== Exercise ==
Below are entries; copy exactly the lines from the one with "Foto 5 pulgar" through the one with "Freddi Fish and", both included, and leave out the rest.

== Entries shown ==
__________

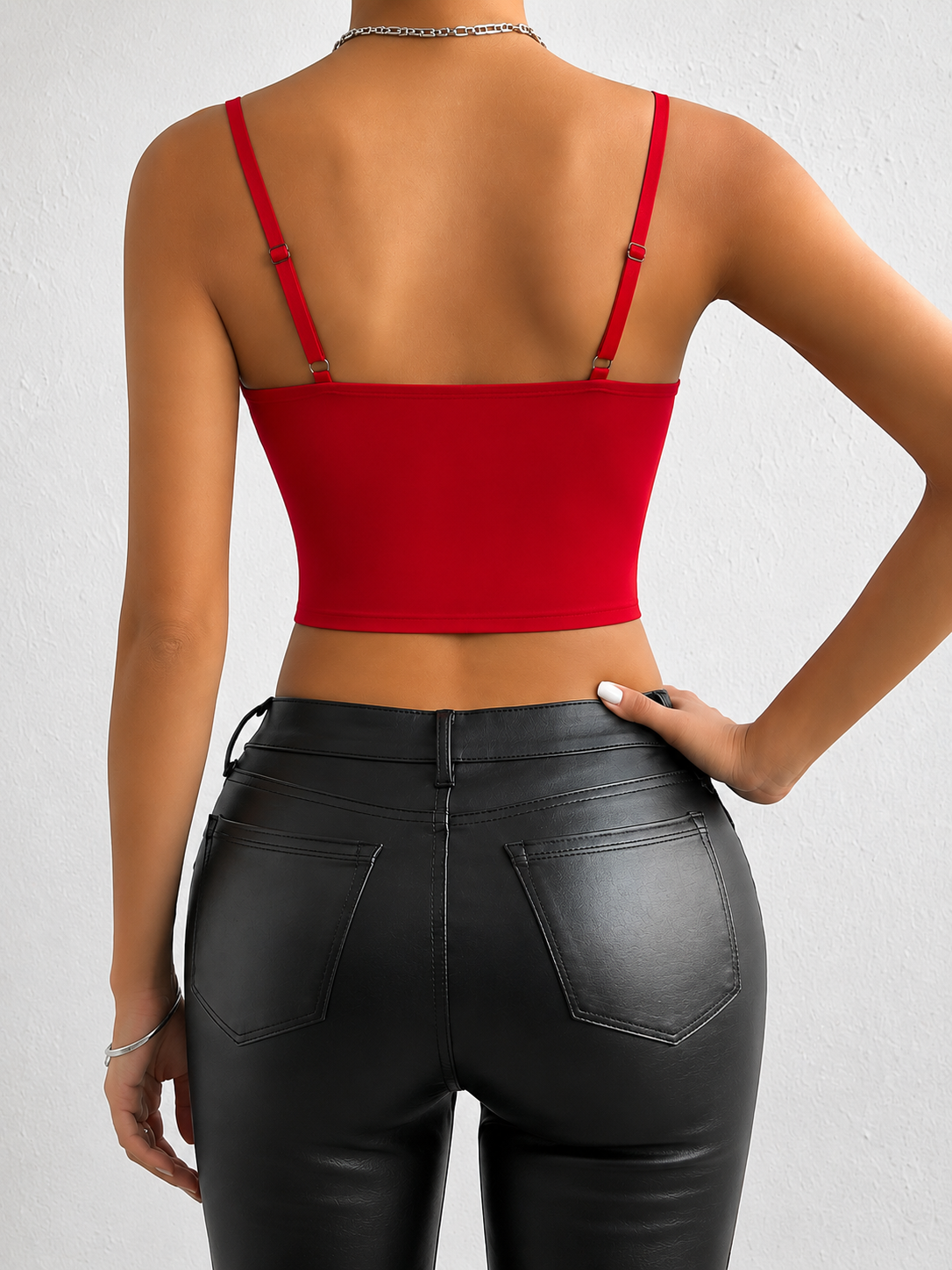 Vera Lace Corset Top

__________

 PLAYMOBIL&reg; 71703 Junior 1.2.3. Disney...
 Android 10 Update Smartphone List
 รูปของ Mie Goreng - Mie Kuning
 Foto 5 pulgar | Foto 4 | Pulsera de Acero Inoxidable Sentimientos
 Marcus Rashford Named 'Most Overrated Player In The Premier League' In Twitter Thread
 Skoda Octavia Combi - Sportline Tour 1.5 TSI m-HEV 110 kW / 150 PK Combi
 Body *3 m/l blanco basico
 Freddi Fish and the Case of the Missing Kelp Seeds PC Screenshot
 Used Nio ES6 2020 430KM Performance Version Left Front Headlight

__________

== Written answer ==
 Foto 5 pulgar | Foto 4 | Pulsera de Acero Inoxidable Sentimientos
 Marcus Rashford Named 'Most Overrated Player In The Premier League' In Twitter Thread
 Skoda Octavia Combi - Sportline Tour 1.5 TSI m-HEV 110 kW / 150 PK Combi
 Body *3 m/l blanco basico
 Freddi Fish and the Case of the Missing Kelp Seeds PC Screenshot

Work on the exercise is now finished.